Looking backward, not forward

The Obama administration took office, in the new president’s words, determined to look forward, not backward, and as part of that philosophy it was agreed that it would be unfair to prosecute frontline CIA agents for harsh, even unduly harsh, interrogation techniques that they believed were authorized by the Justice department and encouraged by the White House.

In 2004, the CIA’s inspector general did an investigation of those interrogations and found much that was "inconsistent with the public policy positions that the United States has taken regarding human rights." Not only inconsistent but also very likely illegal under U.S. and international law.

The CIA then appeared to have acted properly. It referred the most egregious cases of prisoner abuse to the Justice department. Those investigations, the current CIA director, Leon Panetta, was at pains to point out, were conducted by career prosecutors and not by the higher ups who had drafted the guidelines that seemed to condone torture. Those investigations resulted in a single prosecution.

And there the matter stood for five years until the IG’s report became public this week. It contained some sickening stuff — naked, shackled and hooded prisoners, threats with handguns and electric drills, a mock execution, induced unconsciousness, threats to kill a detainee’s children and have the mother of another detainee raped.

Attorney General Eric Holder then seemed to ditch the policy of protecting agents who acted in good faith and appointed a prosecutor, assistant U.S. attorney, John Durham, to reinvestigate those cases of abuse.
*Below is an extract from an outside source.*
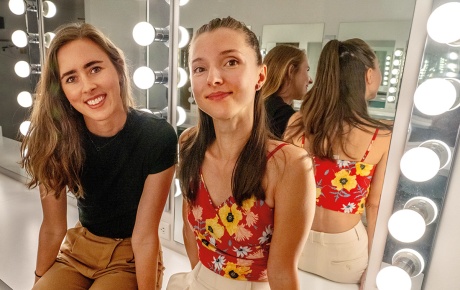 Image of Kayleigh Donowski and Eugenia Zinovieva sitting in front of a lighted mirror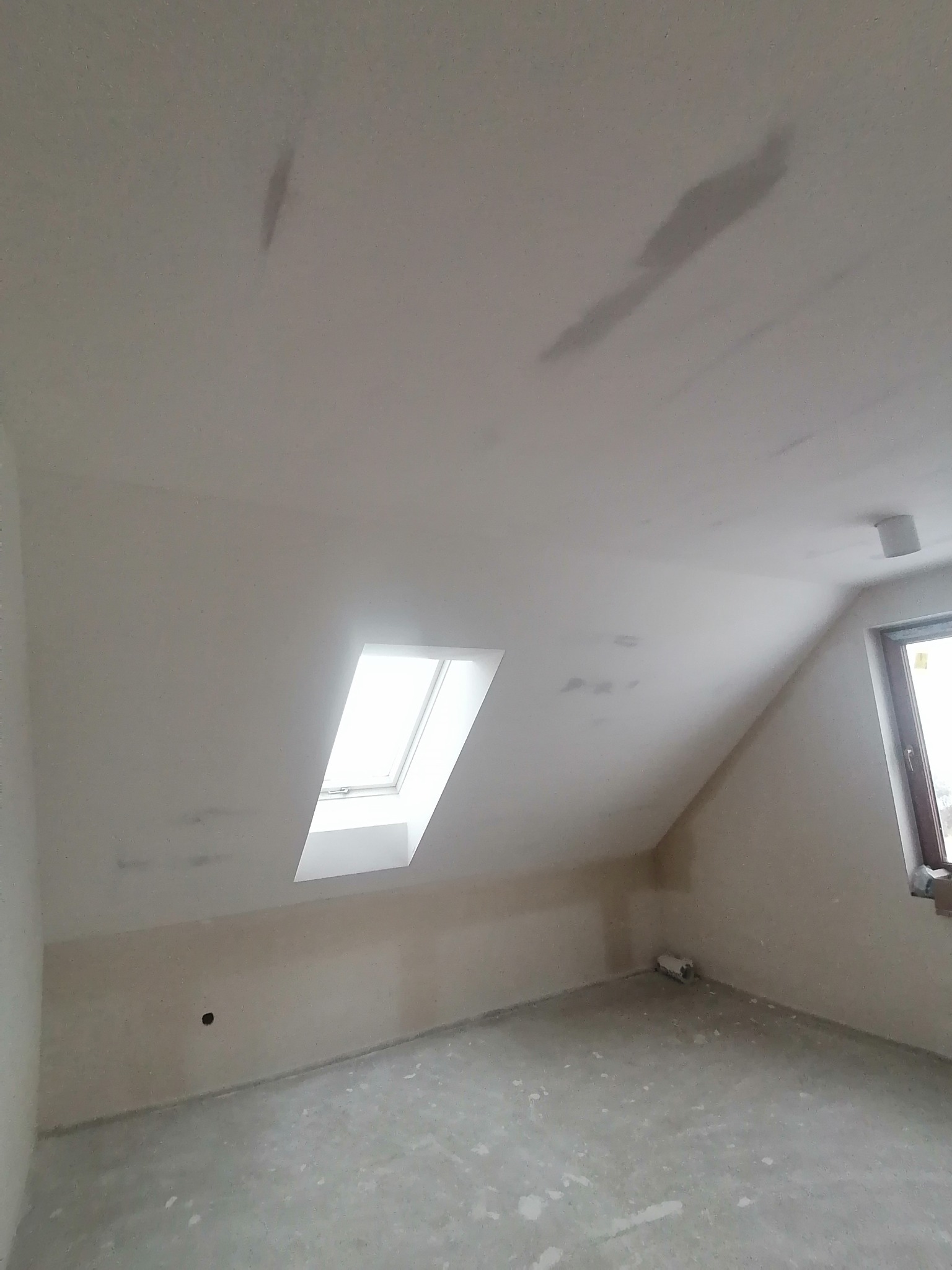 Poddasze po nałożeniu gładzi, widoczne zacieki na suficie i ścianach, okno dachowe oraz okno pionowe po prawej stronie.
Holder says he has no choice but to follow the law.

He has to follow the law but he has considerable discretion as to how he follows it. If there were clear, willful and knowing violations of the law, perhaps the department should prosecute. But the attorney general also should consider the conditions under which the agents labored in 2002-2003. It was widely believed another 9/11-style terrorist attack was imminent. Many of the interrogators seemed poorly trained for the task, were poorly supervised and given little guidance. Meanwhile, the White House was pounding away at the agency demanding actionable intelligence.

The Obama administration has done the right thing, seeing that these abuses don’t recur by creating an elite interagency interrogation unit to question high value terrorism suspects. Durham should act with the greatest restraint and then quickly close this unfortunate chapter.


  1. Dionysis

    In spite of Obama’s stated desire to ignore his legal responsibility to investigate and, if warranted, prosecute these war criminals (“let’s look forward”) the fact is that we as a nation cannot simply abrogate our responsibility to exact accountability for criminality. These sordid behaviors have sullied this country’s image, and we have a moral and legal imperative to investigate fully.

    “Attorney General Eric Holder then seemed to ditch the policy of protecting agents who acted in good faith…”

    He should never have enunciated that ‘policy’ to begin with. As for agents “who acted in good faith,” that is a crock of BS. As many intelligence professionals have begun to note, these people absolutely knew they were commiting potential war crimes when they did it. “Good faith” is nonsense, rejected by the U.S. at Nuremberg.

    As CIA people have noted recently in the press, the vast majority of them are honorable people who follow the law. To allow those relative few who flagrantly engaged in criminality to avoid accountability is demoralizing to those who did the right thing, in spite of war criminal and chronic liar Dick Cheney’s BS.

  2. storky

    Prosecute War Crimes
    Non-participation, whistle-blowing and prosecution are the honorable ways to respond to War Crimes. Continuation of misguided policy is not.

    1) The Obama administration is obligated by federal and International Law to pursue War Crimes.
    2) An atmosphere of imminent attack (regardless of the veracity of such claims) has no bearing on the recognition and execution of unconstitutional law and faulty “expert” opinion.
    3) A Justice Department headed by criminals bowing to the wishes of criminals cannot be expected to effectively investigate itself.

    Moving forward requires occasionally looking back so as not to be surprised by predators.